Patient & Public Involvement

Dementia Care Community (DCC)

In terms of public, patient and professional engagement and involvement (PPPI), we created the Dementia Care Community (DCC). This brought together a total of 97 people during the programme with around one third, people living with dementia, one third, family carers and one third, relevant professionals (health and social care, voluntary and housing organisations), to help make sure our research was based on real life experiences of service users and service providers. Sixty seven DCC participants were involved for the entire research period.  The DCC has had significant involvement in all of our workstreams.

The creation and continued involvement of our mixed stakeholder community, the DCC, has been fundamental to ensure that the PriDem research has remained grounded in lived experiences of dementia; through the involvement of people living with dementia, family carers and professionals from a range of health, social care and third sector organisations. Overall, there have been over 60 members of the DCC continuously involved over the entire course of the programme. The community represents a broad range of personal and professional experiences bringing rich and varied expert by experience perspectives to the research. This includes members who have experienced significant changes throughout their involvement, for example care transitions, current carers becoming bereaved carers, or professionals with additional personal experience.  The DCC have been very positive about their participation in research, explaining how it has helped them to learn more about dementia, obtain peer support and gain new confidence and skills around research and advocacy. One member in particular has gone on to have a significant public profile, campaigning with the Alzheimer’s Society and working with the BBC and Channel 4 to raise awareness of the need for post diagnostic support.

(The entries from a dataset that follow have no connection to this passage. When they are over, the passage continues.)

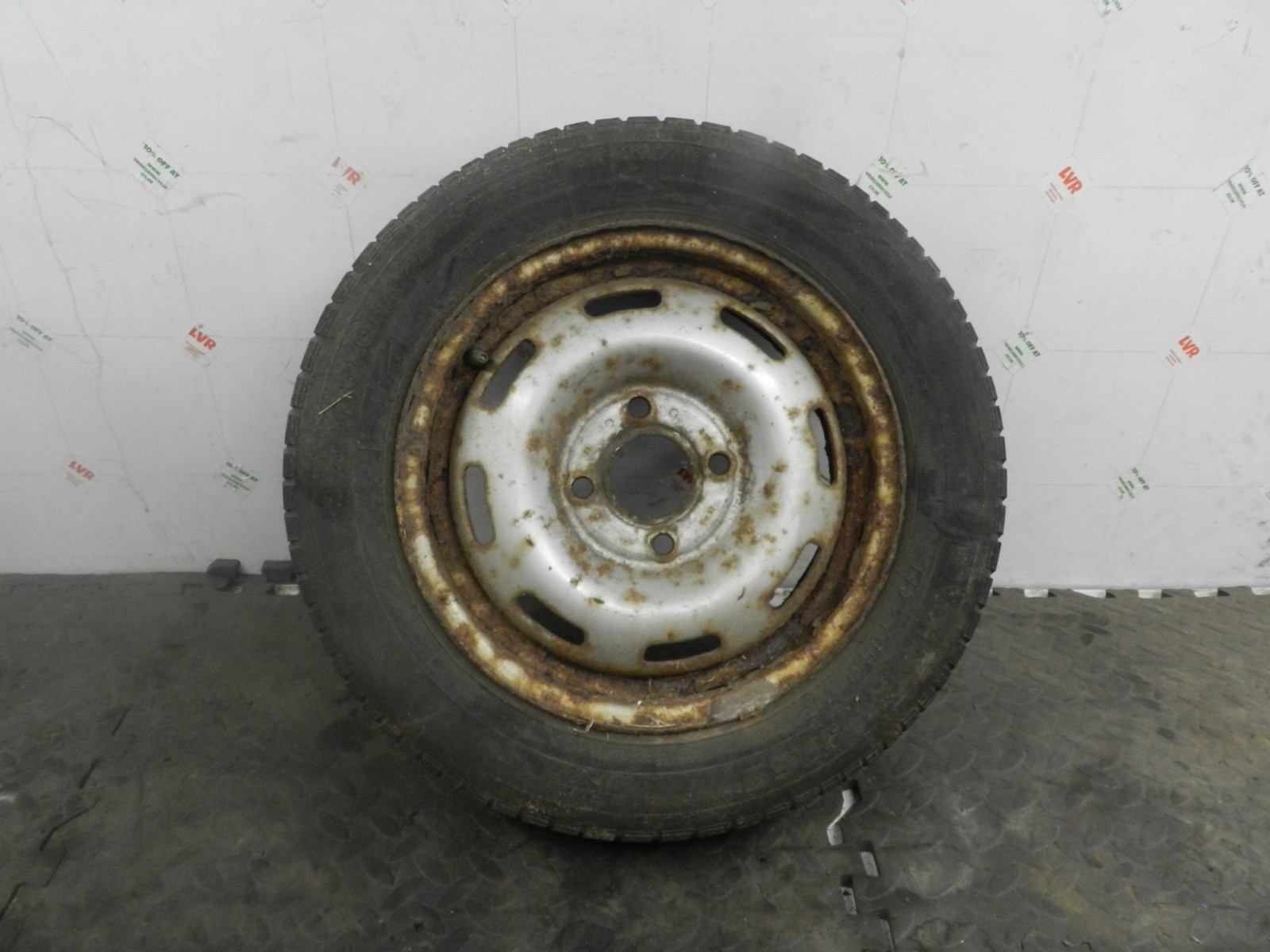 181. RENAULT 5 R5 NOT RS TURBO. STEEL WHEEL WITH TYRE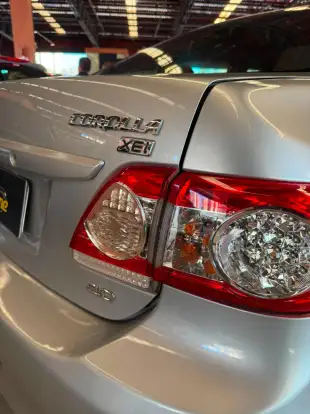 TOYOTA-COROLLA-2013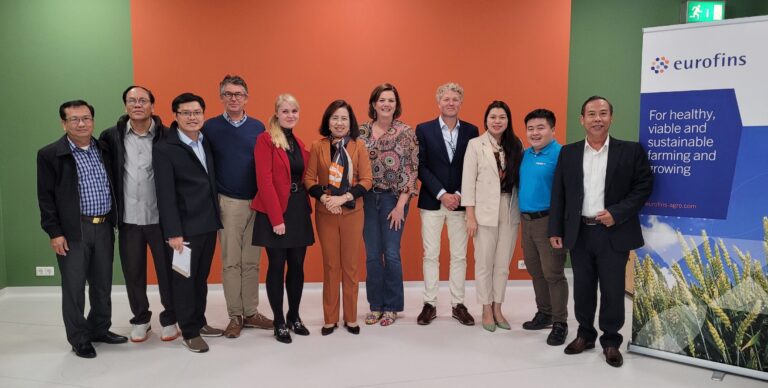 Đoàn đại biểu Hội Nông dân Việt Nam làm việc với Trung tâm Eurofins trong khuôn khổ chuyến công tác tại Hà Lan (ngày 12/6/2024).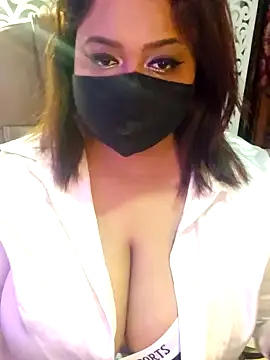 blackpearl     online show from 11/02/25, 04:42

Essential expert by experience perspectives

Throughout this study, the DCC have provided their expert input and advice on a range of topics. This included: prioritising study outcomes; intervention development and implementation; recruitment approach; study progress; reviewing and refining data collection criteria; related and future research; dissemination; and supporting PriDem PhD studies.  Most of this input has been achieved through meetings with some additional work via email.  In total 27 meetings with the DCC, mainly directly supporting PriDem research with the exception of four meetings to support projects related to PriDem.  These additional meetings have directly benefited the DCC, as members have also been recruited via these projects, as well as sharing their expertise on our related projects. 

In person and remote participation

The DCC members valued face to face meetings where possible, however, during the pandemic, meetings were delivered remotely via Zoom, enabling continued essential and valuable consultation, engagement and involvement.  Whilst not preferrable for all, remote meetings proved beneficial for some participants including health and social care professionals, enabling them to attend more easily. In addition, DCC members engaged via email as a way of providing feedback on key documents.

Outputs and future plans

Outputs relating to DCC involvement include a journal publication and presentations at local and national conferences.  Future plans include continuing to involve the DCC in contributing to the co-production of accessible summaries of research outputs and developing routes for dissemination

 

PPAB

The Patient/Public Programme Advisory Board (PPAB) acted as an external monitor for the study. They meet once a year to oversee progress in terms of milestones and deliverables, and acted as critical ‘friends’ to the DCC.  All members of the PPAB have personal experience of caring for relatives with dementia. The PPAB is chaired by the programme lead, Louise Robinson, and PPI representative, Sue Tucker.